Figure 6. CTX-dependent secretory responses can be elicited in independent murine tumor models, patient derived cells and independent effector cells

(A) A bar graph showing macrophage-dependent phagocytosis of in vivo CTX treated murine Arf^−/−Ph⁺ B-ALL in the absence or presence of the 18B12 anti-CD20 antibody. (B) A bar graph showing the effect of conditioned media generated from cells derived from untreated vs. CTX treated Arf^−/−Ph⁺ B-ALL-bearing mice on alemtuzumab-dependent phagocytosis of hMB cells. (C) A graph showing the effect of conditioned media generated from cells derived from untreated or DOX or CTX-treated Eμ-Myc/Arf^−/− lymphoma-bearing mice on alemtuzumab-dependent phagocytosis of hMB cells. (D) A graph showing the relative level of alemtuzumab-mediated cell killing by human primary monocytes in the presence of conditioned media derived from control or CTX-treated leukemia cells. (E) A graph showing the level of alemtuzumab-mediated leukemia cell lysis, as determined by a europium-release assay, using primary human NK-cells from healthy donors. (F) A bar graph showing the level of human monocyte ADCC in the presence of PGE2, IL8, CCL4, VEGF, and TNFα. ( G) A graph showing the response of patient-derived B-ALL xenografts in NSG mice to treatment with rituximab (3×10mg/kg), total body irradiation (5Gy) CTX (2×100 mg/kg), or their respective combinations, as indicated. (H) A graph showing the level of rituximab-mediated ADCC following exposure of leukemia cells to conditioned media generated from tumor cells isolated from untreated, irradiated (5 Gy) and CTX -treated (100mg/kg) primary human patient B-ALL xenografted mice. Mafosfamide and 4-OH-CTX were used to treat cells ex vivo for 6h, and conditioned media was obtained after 24h of subsequent culture. Untreated leukemia cells served as target cells for Rituximab-mediated ADCC. For all graphs, * = p<0.05, ** = p<0.01 and *** = p<0.001.

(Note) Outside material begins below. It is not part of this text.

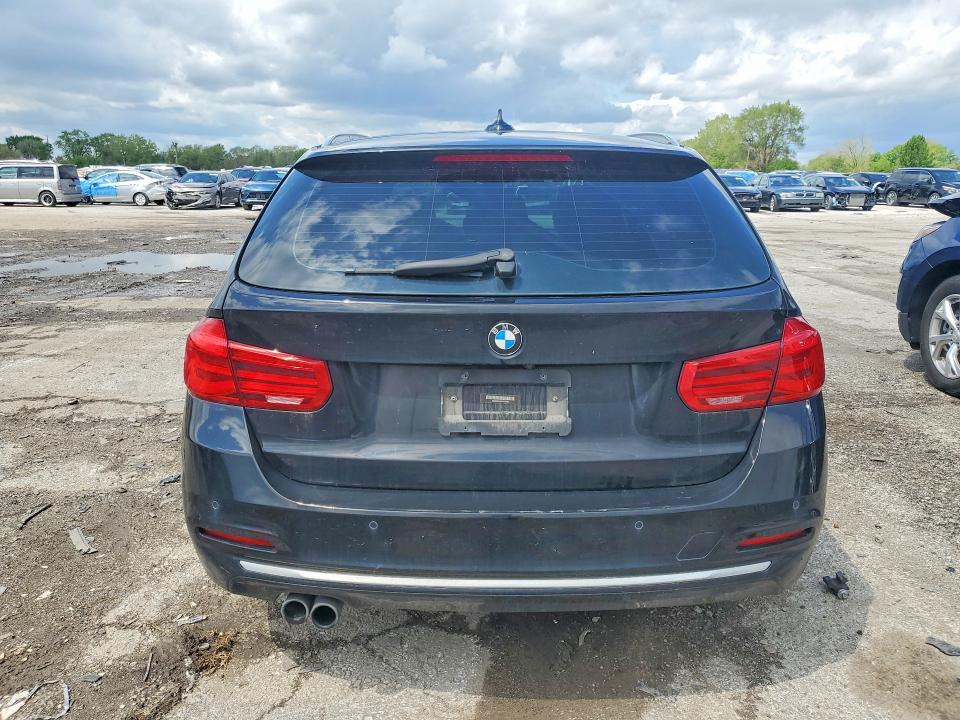 Продаж на аукціоні авто 2016 Bmw 328, vin: WBA8G5C56GK753000, номер лоту: 51758986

Figure 7. Polychemotherapy induces macrophage infiltration in ALL patients

(A) Flow cytometry assessment of bone marrow aspirates taken from a patient at diagnosis (left panels) and undergoing CTX-containing polychemotherapy (GMALL Induction I) at d11 post treatment start (right panels). The circular CD45⁺/CD19⁺ gate shows the number of lymphocytic blasts. In the rectangular CD45⁺ gate, the CD14⁺ and CD13⁺/ CD33⁺ cells demarcate the bone marrow macrophage populations. (B) Representative immunostaining for CD68 in bone marrow smears prior therapy (upper panels) and at d11 post therapy onset (lower panel). (C) A graph showing the percentage of CD68⁺ macrophages per total cells in bone marrow smears from 6 ALL patients prior to therapy and at day 11 of the first treatment cycle (* = p<0.05).